Inspired by the success of the information standard for microarray analyses (MIAMA), the need for a similar minimum information about a phylogenetic analysis standard (MIAPA) has been suggested (16). Although the developing of MIAPA standards is still on progress, several general guidelines have been proposed (16). In accordance to these guidelines, PhylomeDB provides comprehensive information on the programs and parameters used for each step of the pipeline so that the phylogenetic reconstruction can be reproduced. Since the same phylogenetic pipeline is applied to all seed proteins in a phylome, such details are provided in the features page of the corresponding phylome. Moreover, all alignments and trees rendered by the phylogenetic pipeline are provided in standard newick and phylip formats, respectively. As soon as new guidelines and MIAPA standards are developed, these will be implemented in PhylomeDB. Besides phylogenetic trees and alignments, PhylomeDB provides tree-based orthology and paralogy predictions. These predictions are generated from the seed sequence by mapping duplication and speciation events on the tree as determined by a species-overlap algorithm (3). In contrast to alternative, phylogeny-based methods that use reconciliation of the gene tree with the species tree, the PhylomeDB algorithm uses the level of overlap in the species connected to two related nodes to decide whether their parental node represents a duplication or speciation event. Briefly, the algorithm visits all nodes that connect the seed protein to the root of the tree and marks it as a duplication event if one or more species are shared by its two children nodes.
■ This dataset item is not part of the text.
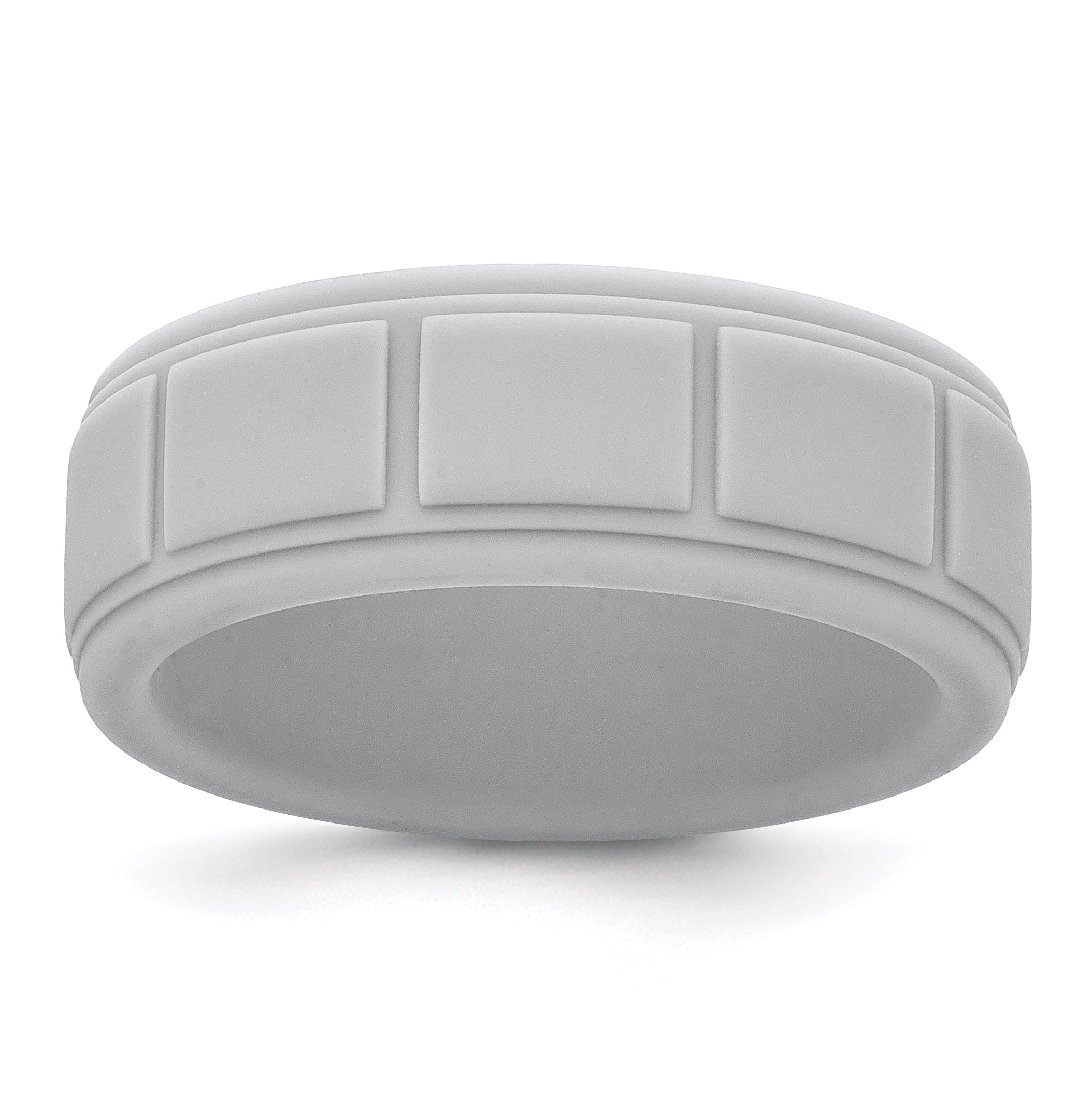 Silicone Light Gray 8mm Grid Pattern Band Main image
When the orthology prediction algorithm is launched, phylomeDB displays the list of predicted orthologs and paralogs for the seed sequence, as well as a tree with the corresponding speciation and duplication edges indicated in red and blue (Figure 3A), respectively, are provided. The full set of predicted orthology and paralogy relationships for each phylome can be downloaded from the download section of the database.

Figure 3. — Visualization of phylogenetic trees: different views of the ML phylogenetic tree, using JTT evolutionary model, for the seed protein (Hsa0017176), as displayed by the environment for tree exploration tool (ETE). Trees can be represented in rectangular (A), circular (B) or radial (C) modes. Several information labels such as support values or branch distances (A) can be displayed on nodes and edges, which can also be colored to indicate different evolutionary event. In (A) an example is shown where the lineages leading to the seed protein (Hsa0017176) are colored in blue or red to mark duplications and speciation events, respectively. This feature is shown after running the orthology prediction algorithm by clicking on the ‘orthologs’ icon. Using the ETE toolbar (icons on the top of the section A), the user can navigate within the tree and browse it using different visualization options.
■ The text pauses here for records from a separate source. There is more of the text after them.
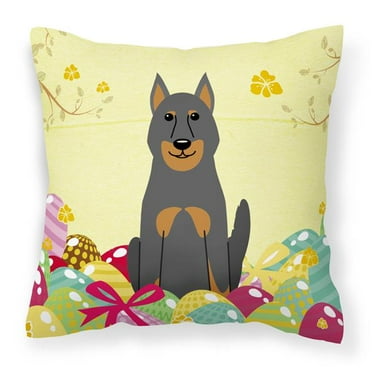 Carolines Treasures BB6080PW1414 Easter Eggs Beauce Shepherd Dog Fabric Decorative Pillow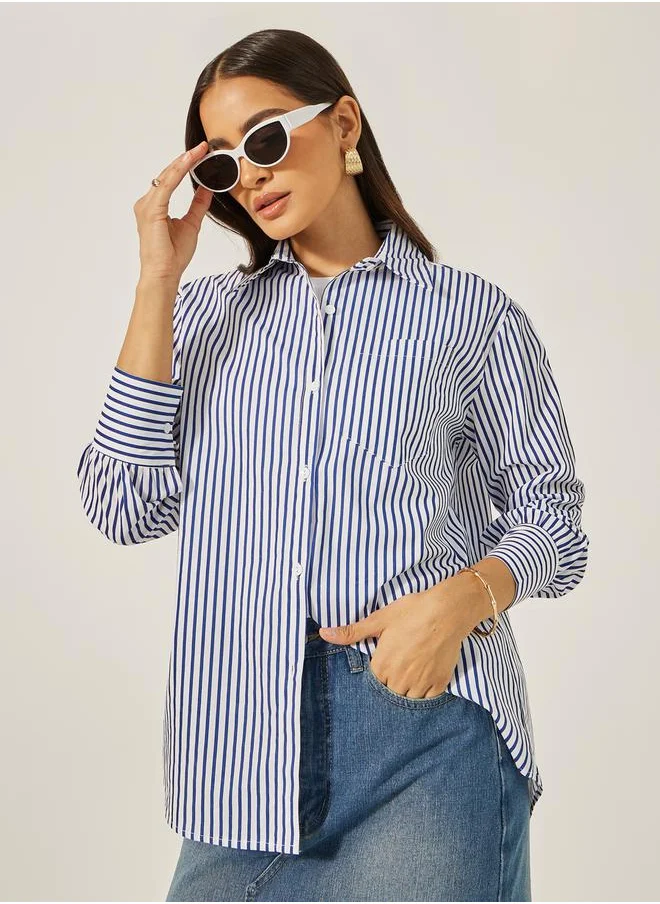 ستايلي Oversized Striped Collared Shirt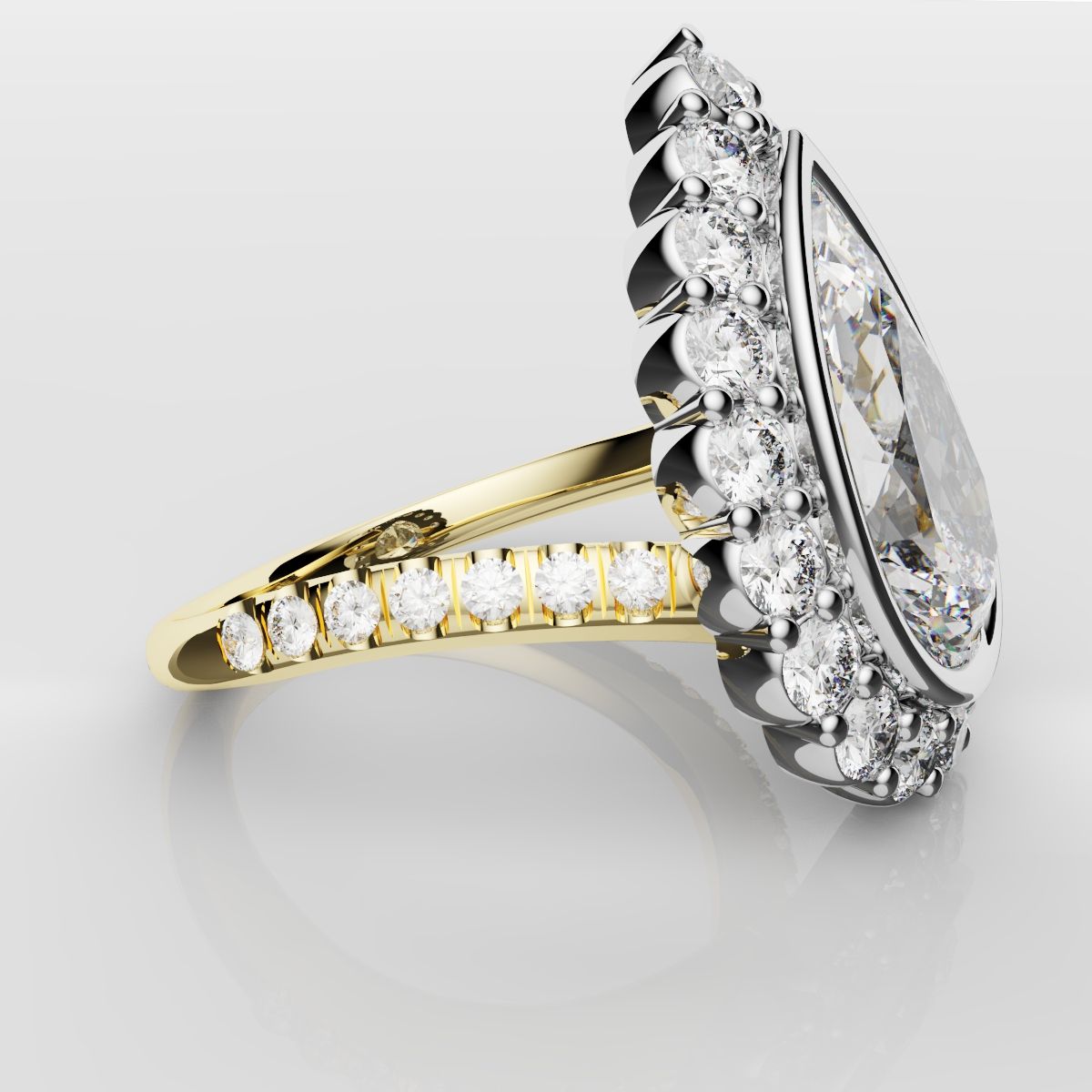Pear Diamond Halo Engagement Ring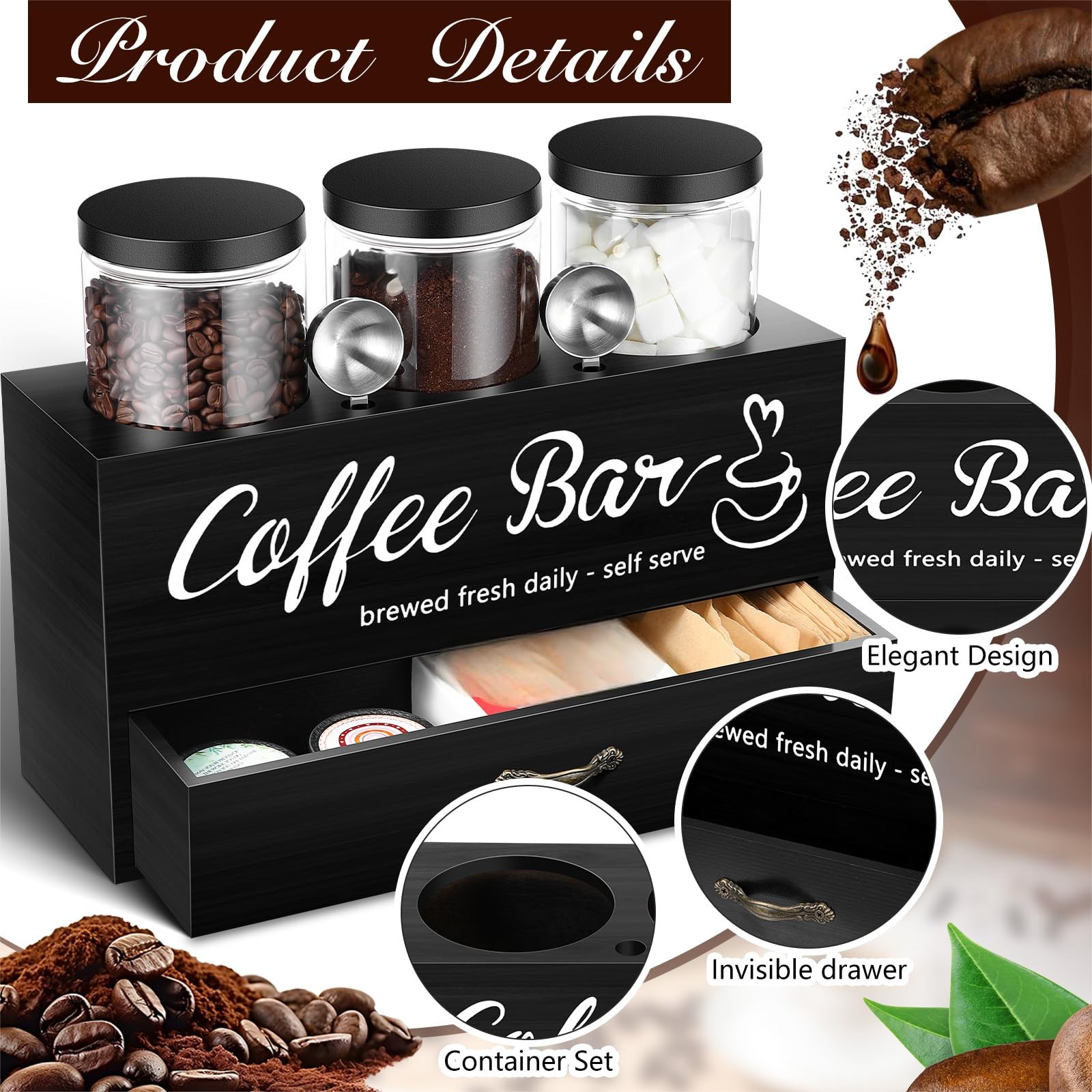 Keep Your Coffee Fresh and Organized - 3 Pc Canister Set with Spoon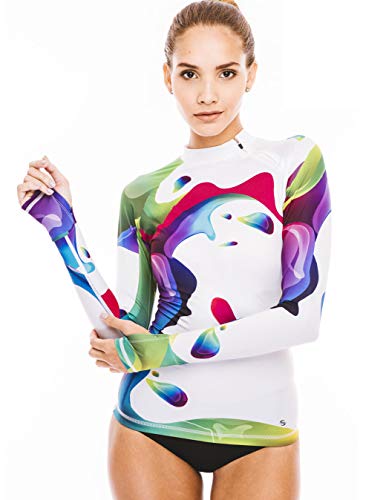 Women's UPF 50+ Long Sleeve Rash Guard for Women Swim Shirts, Tight-Fit Quick Dry Water Shirts Zipper Rashguard Surf Swim Top for Women (Rainbow 50, XL)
All protein sequences included in PhylomeDB are given a unique alpha-numeric ID (PhylomeID), which includes a three-letters code designating the species, followed by a sequential number. Codes for the 443 organisms included in PhylomeDB are listed in the features page of the corresponding phylomes. Correspondence between PhylomeIDs and IDs from external databases such as Swissprot and Ensembl are given in the corresponding sequence entries. Moreover, an ID converter tool provides the equivalences between Phylome ID and other selected IDs.
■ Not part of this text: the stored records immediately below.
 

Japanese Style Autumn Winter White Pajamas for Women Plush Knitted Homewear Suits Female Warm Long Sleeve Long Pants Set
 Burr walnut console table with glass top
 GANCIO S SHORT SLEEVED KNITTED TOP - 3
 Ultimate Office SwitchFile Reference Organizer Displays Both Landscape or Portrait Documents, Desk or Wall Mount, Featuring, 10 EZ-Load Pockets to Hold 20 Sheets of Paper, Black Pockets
DATABASE ACCESS AND WEB FEATURES

Browsing and querying

PhylomeDB is publicly accessible at http://phylomedb.bioinfo.cipf.es. There are various ways in which users can access data stored in PhylomeDB. The database can be browsed by selecting a specific phylome from the home or content pages. In this case, a table appears that lists the entries to all the seed proteins included in the phylome. By clicking in a specific PhylomeID, the corresponding entry is shown. Each entry contains information on the seed protein and the homologous proteins included in the phylogenetic analysis together with the corresponding alignments and phylogenetic trees.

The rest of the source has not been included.